- _WHAT IS EXPECTED_
All lines below containing the string "players" are to be copied.

- _INFORMATION GIVEN_
Content starts

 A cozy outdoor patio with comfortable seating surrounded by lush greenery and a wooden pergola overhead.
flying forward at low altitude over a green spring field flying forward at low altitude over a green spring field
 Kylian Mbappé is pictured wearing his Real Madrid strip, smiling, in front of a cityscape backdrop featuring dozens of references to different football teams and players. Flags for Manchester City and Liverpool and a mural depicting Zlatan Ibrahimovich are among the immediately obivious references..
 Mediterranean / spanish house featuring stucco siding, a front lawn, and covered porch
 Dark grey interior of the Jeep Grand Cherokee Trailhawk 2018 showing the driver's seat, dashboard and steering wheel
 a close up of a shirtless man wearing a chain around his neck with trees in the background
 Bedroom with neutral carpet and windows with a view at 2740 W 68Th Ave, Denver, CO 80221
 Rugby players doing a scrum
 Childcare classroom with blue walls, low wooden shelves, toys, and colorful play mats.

Content ends
Content starts

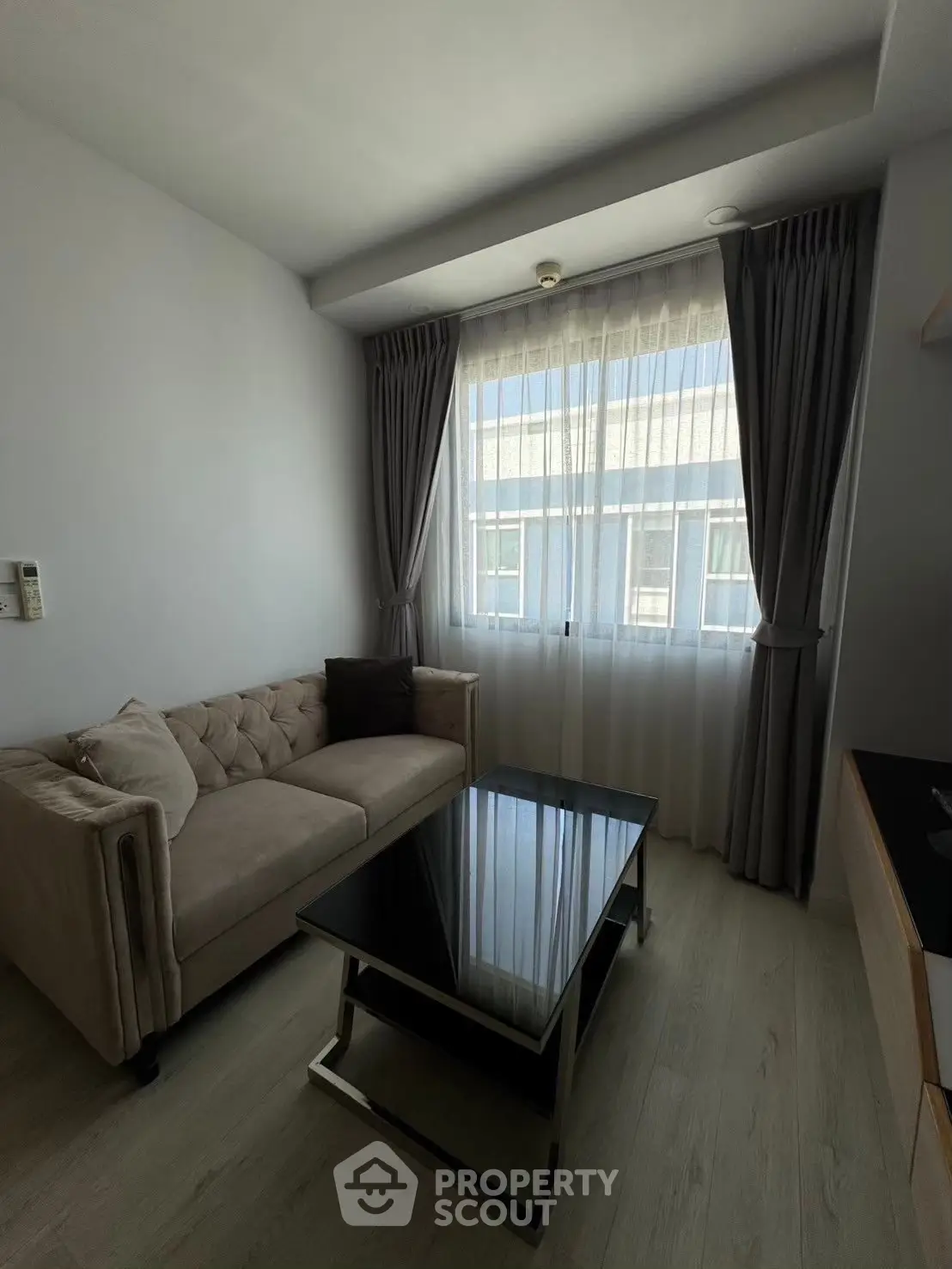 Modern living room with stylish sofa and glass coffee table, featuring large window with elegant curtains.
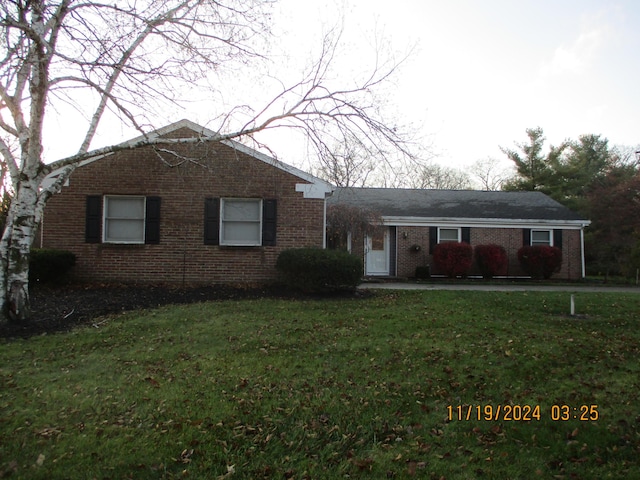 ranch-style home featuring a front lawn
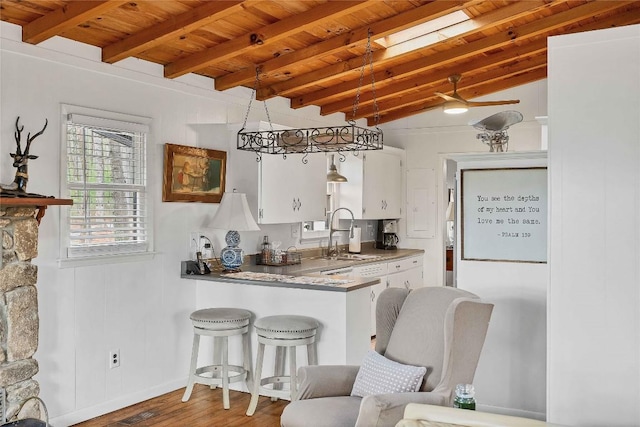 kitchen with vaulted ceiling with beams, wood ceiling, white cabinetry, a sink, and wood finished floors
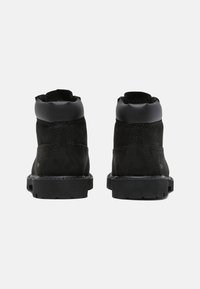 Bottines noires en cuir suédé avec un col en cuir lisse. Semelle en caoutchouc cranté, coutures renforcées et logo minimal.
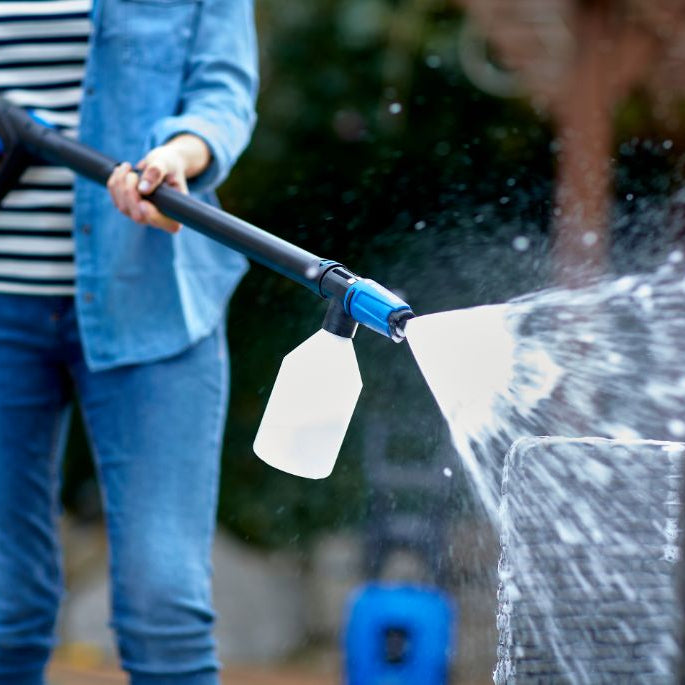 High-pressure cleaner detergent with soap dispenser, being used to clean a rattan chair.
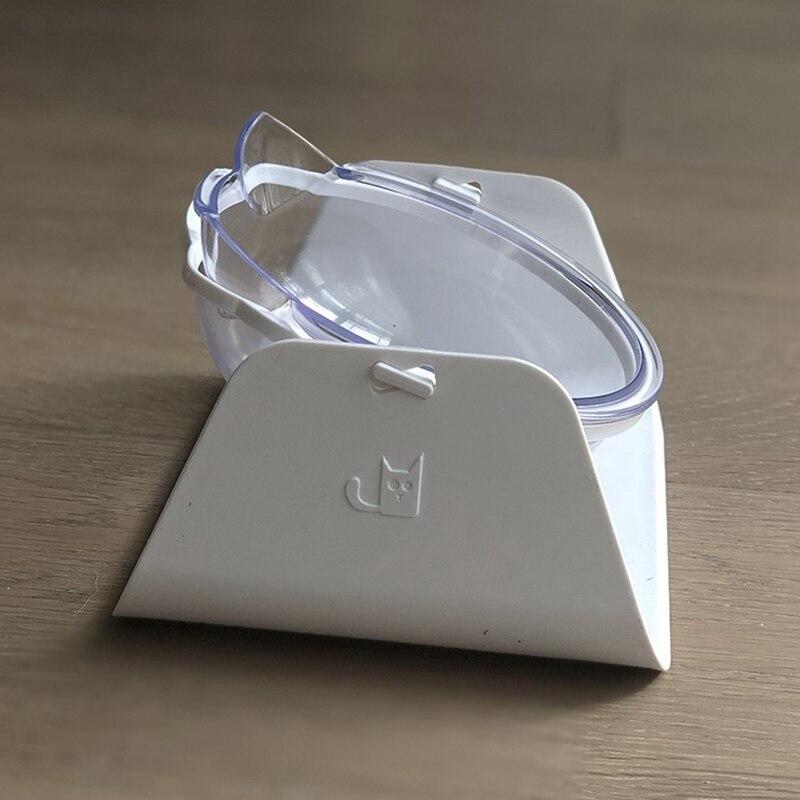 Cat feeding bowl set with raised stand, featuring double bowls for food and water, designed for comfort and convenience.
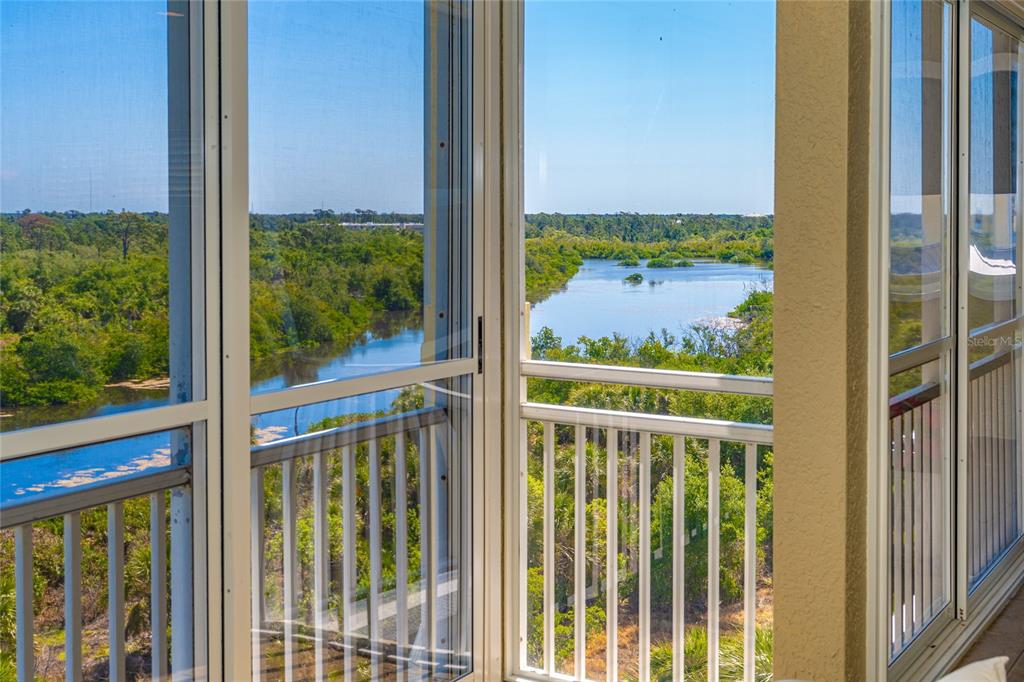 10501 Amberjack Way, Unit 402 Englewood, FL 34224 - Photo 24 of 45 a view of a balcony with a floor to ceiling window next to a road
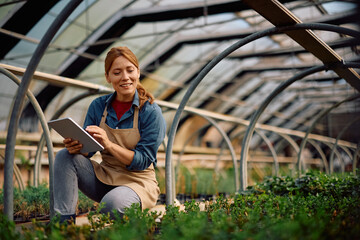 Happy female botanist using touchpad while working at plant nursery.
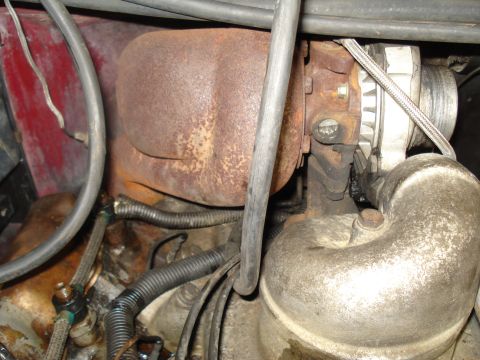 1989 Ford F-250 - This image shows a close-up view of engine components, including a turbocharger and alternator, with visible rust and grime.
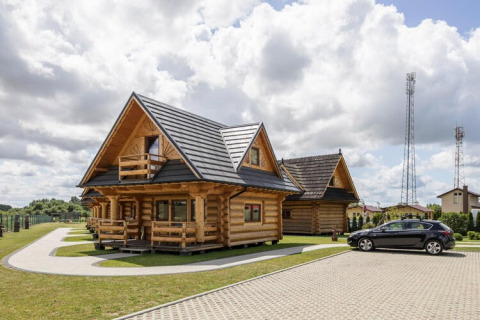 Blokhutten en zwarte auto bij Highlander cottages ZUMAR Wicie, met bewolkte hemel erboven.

Content ends

- _OUTPUT BELOW_
 Kylian Mbappé is pictured wearing his Real Madrid strip, smiling, in front of a cityscape backdrop featuring dozens of references to different football teams and players. Flags for Manchester City and Liverpool and a mural depicting Zlatan Ibrahimovich are among the immediately obivious references..
 Rugby players doing a scrum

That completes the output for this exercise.